# Records shown:
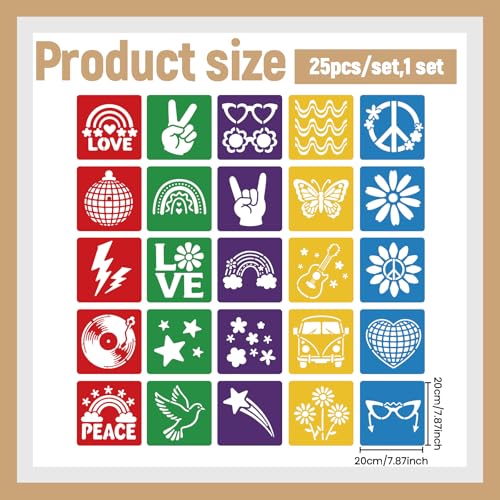 CUTHOLLOW Animals Fruit Plant Stencils, 24PCS 8-Inch Reusable Plastic | 24PCS 8-Inch Animals, Fruit & Plant Shapes, Reusable Washable Plastic, Painting, Crafts, Wall Art & Sidewalk Chalk - style: 25pcs-Vintage Peace Patterns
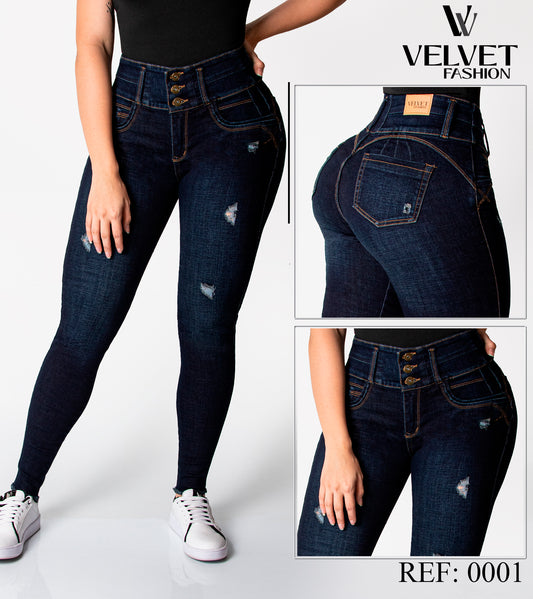 Jeans Skinny Strech Control Abdomen, Tiro Alto Ref 0001
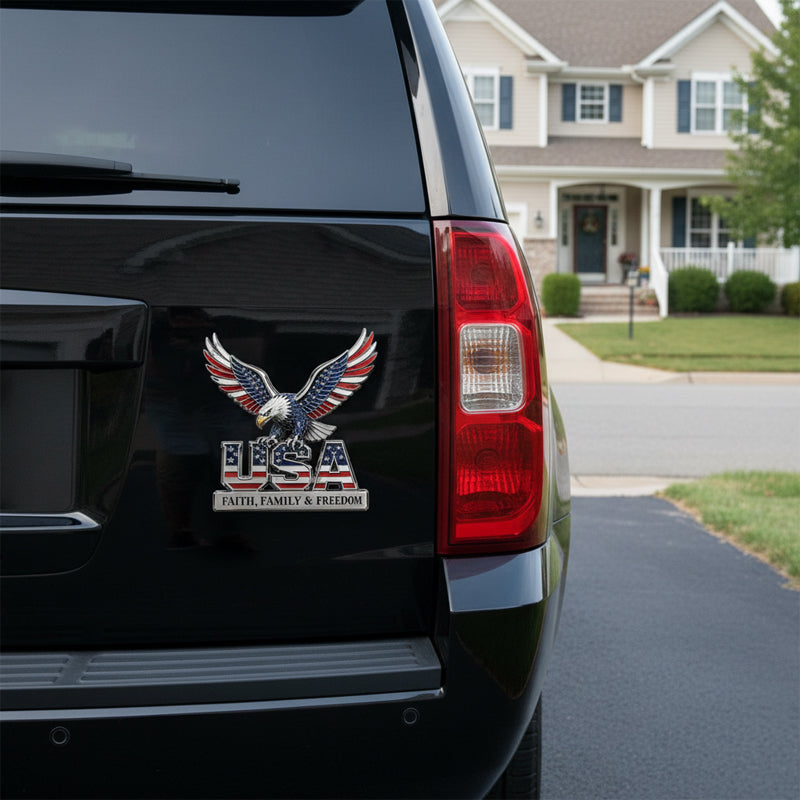 🦅🇺🇸250th Anniversary 49% OFF - ★USA Faith, Family & Freedom★ Metal Embl
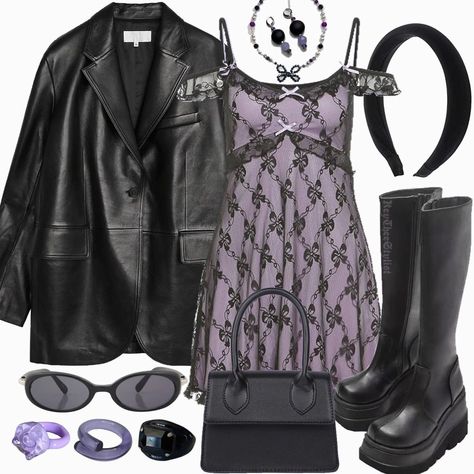 How To Style Boots, Purple And Black Outfits, Black Outfits Aesthetic, Black And Purple Outfit, Different Outfit Styles, Black On Black Outfits, Outfit With Dress, Dresses Fits, Grunge Dresses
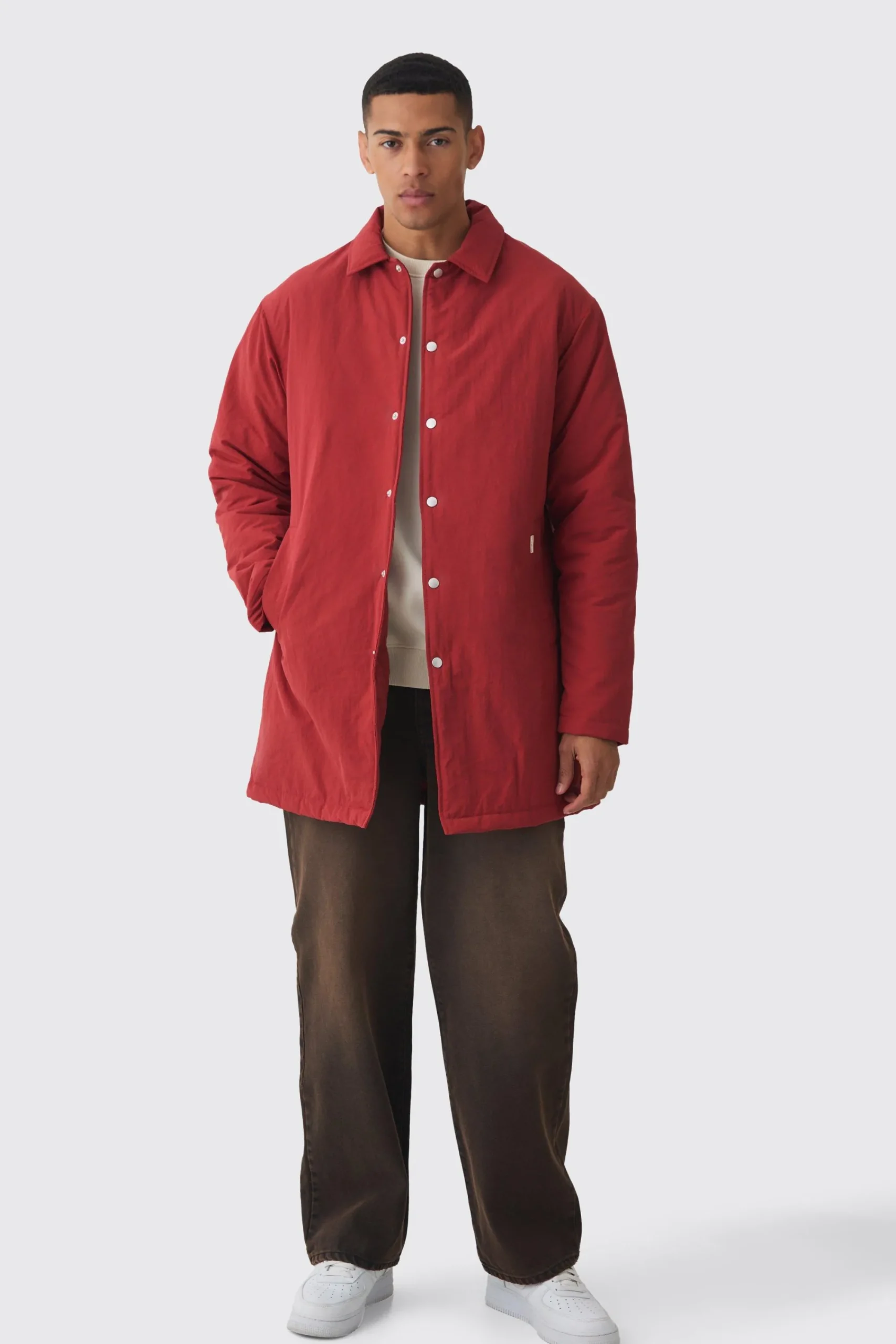 boohooMAN Man Tab Crinkle Longline Mac In | UK| Coats & Jackets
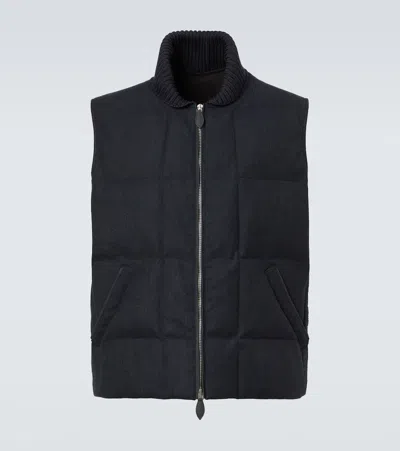 Berluti Leather-trimmed Quilted Wool-blend Vest In Gray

# Task objective:
The records above are to be repeated exactly, with every picture removed from the copy.

# Solution to this task:
 CUTHOLLOW Animals Fruit Plant Stencils, 24PCS 8-Inch Reusable Plastic | 24PCS 8-Inch Animals, Fruit & Plant Shapes, Reusable Washable Plastic, Painting, Crafts, Wall Art & Sidewalk Chalk - style: 25pcs-Vintage Peace Patterns
 Jeans Skinny Strech Control Abdomen, Tiro Alto Ref 0001
 🦅🇺🇸250th Anniversary 49% OFF - ★USA Faith, Family & Freedom★ Metal Embl
 How To Style Boots, Purple And Black Outfits, Black Outfits Aesthetic, Black And Purple Outfit, Different Outfit Styles, Black On Black Outfits, Outfit With Dress, Dresses Fits, Grunge Dresses
 boohooMAN Man Tab Crinkle Longline Mac In | UK| Coats & Jackets
 Berluti Leather-trimmed Quilted Wool-blend Vest In Gray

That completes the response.